This Week in Clark County History, April 25

By Katie Bush, public historian at the Clark County Historical Museum
Published: April 25, 2025, 5:59am

A weekly look back compiled by the Clark County Historical Museum from The Columbian archives available at columbian.newspapers.com or at the museum.

  • 100 years ago

A musical test program was broadcast from Vancouver Barracks on April 21, 1925. The Barracks All-Star Orchestra played, and Sgt. Arlon V. Carroll made the announcements. The night before, the station had made its first test broadcast and received “numerous telephone calls … approving of the test.” The Vancouver Barracks was the third station to apply for a broadcast license.

  • 75 years ago

On April 22, 1950, Mrs. Norman Nellis dropped an egg on the floor. Mrs. Nellis discovered the cracked egg, which weighed a quarter-pound and measured “7¾ inches the short way round and 9¾ inches the long,” contained not only a complete yolk and white, but “also another egg complete with hard shell.”

  • 50 years ago

Groundbreaking ceremonies for Vancouver’s new indoor tennis and racquetball center took place April 22, 1975. Local leaders, including City Manager Alan Harvey and Parks, Recreation and Memorials Department Manager Ted Brown, made speeches. A ceremonial lease-signing and construction contract presentation took place. The event culminated in the actual groundbreaking on the 5-acre site, which was built with four outdoor courts and four indoor courts.

  • 25 years ago

On April 22, 2000, the third annual Nez Perce Reconciliation and Dedication Ceremonies occurred at the Vancouver National Historic Reserve.

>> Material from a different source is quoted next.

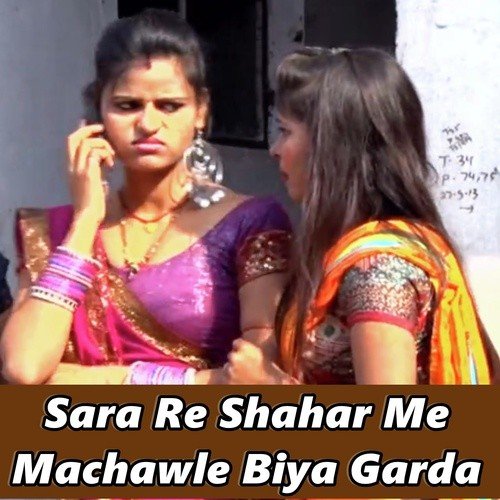 Sara Re Shahar Me Machawle Biya Garda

The event commemorates Chief Red Heart’s band, a group of three dozen Nez Perce Indians who were falsely imprisoned at Fort Vancouver in 1877. Gen. O.O. Howard ordered the imprisonment of the Nez Perce, who had refused to move to a reservation in Idaho. The two-hour ceremony was a joint effort between the Nez Perce and the city of Vancouver, National Park Service, and U. S. Army.